“You’re watching?” my friend Susan asked.
“I’m watching,” I said. “I had to stop knitting because I’m too nervous. We’re going to win the World Series!”
“I’m so happy for you,” she said. “Even if the Tigers are going to lose.” (At the time, Susan lived in Michigan and knew a lot of Tigers fans.)
Susan was one of the first people I met at college, and the very first girl friend I ever had who cared about baseball. When we arrived at college in 1998, my Cardinals were inching excruciatingly slowly towards the end of a decade long funk that happened to coincide with my entire baseball fandom to that point. Susan’s team, in the AL, was better, winning their division twice in three years, albeit only to get swept out of the first round by the Yankees both times.
You see where this is going. Susan grew up a Rangers fan.
Over the years our friendship has continued, our love of baseball always on the periphery. St. Louis improved, Texas declined, St. Louis declined, Texas improved — in fact in the entirety of our friendship, this is the first year the Cardinals and the Rangers both made the playoffs, much less the World Series. We graduated college, moved East (Susan then moved South, and North, and South again). We went to old Yankee Stadium and CitiField together. We went to Europe together (where, disappointingly, we were a few weeks too late to attend a German professional baseball game). I was rooting hard for the Rangers during last year’s run, and delighted in their first playoff series win almost as much as she did.

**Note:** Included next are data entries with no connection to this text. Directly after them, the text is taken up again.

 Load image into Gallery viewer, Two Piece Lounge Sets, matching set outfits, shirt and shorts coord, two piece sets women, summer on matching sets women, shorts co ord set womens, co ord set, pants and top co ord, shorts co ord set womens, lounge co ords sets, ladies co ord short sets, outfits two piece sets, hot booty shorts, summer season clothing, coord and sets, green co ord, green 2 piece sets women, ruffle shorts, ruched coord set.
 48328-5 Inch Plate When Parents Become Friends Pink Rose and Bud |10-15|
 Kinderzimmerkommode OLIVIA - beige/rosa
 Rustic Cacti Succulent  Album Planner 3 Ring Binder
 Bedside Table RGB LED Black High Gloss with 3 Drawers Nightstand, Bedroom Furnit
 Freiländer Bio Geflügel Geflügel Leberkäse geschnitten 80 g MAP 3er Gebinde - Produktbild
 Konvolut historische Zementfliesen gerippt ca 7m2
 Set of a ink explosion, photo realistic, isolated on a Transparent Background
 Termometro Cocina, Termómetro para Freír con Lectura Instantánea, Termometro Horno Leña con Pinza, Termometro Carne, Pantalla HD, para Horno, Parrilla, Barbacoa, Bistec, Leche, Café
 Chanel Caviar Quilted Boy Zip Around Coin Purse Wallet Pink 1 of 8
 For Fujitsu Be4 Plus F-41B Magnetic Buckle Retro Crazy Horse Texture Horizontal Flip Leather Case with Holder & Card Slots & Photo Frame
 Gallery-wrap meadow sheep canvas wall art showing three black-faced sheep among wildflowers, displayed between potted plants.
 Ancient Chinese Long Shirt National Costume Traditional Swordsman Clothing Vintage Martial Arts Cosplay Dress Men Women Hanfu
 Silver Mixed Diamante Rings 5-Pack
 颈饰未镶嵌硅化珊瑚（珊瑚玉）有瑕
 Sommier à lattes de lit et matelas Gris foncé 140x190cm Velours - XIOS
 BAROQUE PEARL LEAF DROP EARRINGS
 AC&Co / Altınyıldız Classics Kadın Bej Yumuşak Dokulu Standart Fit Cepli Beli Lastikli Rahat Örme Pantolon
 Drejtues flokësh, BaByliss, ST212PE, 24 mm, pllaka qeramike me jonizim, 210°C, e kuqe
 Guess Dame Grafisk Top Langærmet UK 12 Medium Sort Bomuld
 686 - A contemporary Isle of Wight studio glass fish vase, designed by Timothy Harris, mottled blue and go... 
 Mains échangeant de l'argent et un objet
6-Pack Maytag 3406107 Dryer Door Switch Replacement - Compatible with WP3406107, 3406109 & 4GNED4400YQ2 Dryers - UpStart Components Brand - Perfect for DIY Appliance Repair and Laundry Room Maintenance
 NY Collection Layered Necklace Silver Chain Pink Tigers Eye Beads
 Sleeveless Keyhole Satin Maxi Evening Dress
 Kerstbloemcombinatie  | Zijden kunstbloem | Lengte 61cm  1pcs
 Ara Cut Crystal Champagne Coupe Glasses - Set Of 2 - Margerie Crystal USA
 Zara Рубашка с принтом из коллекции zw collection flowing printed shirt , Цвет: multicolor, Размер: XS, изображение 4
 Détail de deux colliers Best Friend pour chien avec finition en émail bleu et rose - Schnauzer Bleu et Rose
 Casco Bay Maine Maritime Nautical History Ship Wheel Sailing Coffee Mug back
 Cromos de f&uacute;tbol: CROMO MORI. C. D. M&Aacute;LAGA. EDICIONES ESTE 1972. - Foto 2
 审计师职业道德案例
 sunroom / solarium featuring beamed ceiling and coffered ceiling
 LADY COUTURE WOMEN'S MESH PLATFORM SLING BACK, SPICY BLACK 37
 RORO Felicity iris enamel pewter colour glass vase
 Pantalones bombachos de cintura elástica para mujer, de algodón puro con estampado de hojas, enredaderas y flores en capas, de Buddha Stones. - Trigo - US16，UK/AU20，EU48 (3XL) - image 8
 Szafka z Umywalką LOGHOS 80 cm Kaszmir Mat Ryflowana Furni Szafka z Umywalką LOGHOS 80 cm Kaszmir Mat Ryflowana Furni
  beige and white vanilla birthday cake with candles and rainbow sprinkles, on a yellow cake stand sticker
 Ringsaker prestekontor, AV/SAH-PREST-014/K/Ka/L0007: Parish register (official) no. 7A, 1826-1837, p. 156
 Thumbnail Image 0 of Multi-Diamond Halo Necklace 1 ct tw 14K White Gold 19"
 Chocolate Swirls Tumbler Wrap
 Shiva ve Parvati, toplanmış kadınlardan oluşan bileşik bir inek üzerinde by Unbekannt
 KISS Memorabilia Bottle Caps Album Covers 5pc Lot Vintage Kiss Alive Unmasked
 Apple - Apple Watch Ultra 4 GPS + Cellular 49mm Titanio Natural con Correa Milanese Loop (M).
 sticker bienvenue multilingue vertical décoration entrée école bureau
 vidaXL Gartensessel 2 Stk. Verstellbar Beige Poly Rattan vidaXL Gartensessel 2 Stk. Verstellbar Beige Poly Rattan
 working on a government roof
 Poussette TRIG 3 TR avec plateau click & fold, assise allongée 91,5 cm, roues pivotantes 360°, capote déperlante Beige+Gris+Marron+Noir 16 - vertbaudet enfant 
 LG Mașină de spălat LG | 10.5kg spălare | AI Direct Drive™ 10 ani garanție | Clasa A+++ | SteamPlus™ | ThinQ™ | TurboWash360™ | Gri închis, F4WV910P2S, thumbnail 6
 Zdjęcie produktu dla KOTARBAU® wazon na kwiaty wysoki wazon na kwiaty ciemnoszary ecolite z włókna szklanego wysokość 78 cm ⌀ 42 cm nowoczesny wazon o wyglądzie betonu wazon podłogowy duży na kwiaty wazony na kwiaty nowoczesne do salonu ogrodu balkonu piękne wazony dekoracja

It’s not that I don’t want to win the World Series. If the Cardinals somehow put two more wins into their pile of improbable, backs-against-the-wall victories they’ve been accruing for the last two months I will be ecstatic; if they lose, there will be a weekend of moping in my near future. But I will also make that call on the phone, and I will be happy to do it. If you can’t celebrate a World Series with your best friend, what’s the point?
Good luck, Susan. Good luck, Rangers. Go Cards!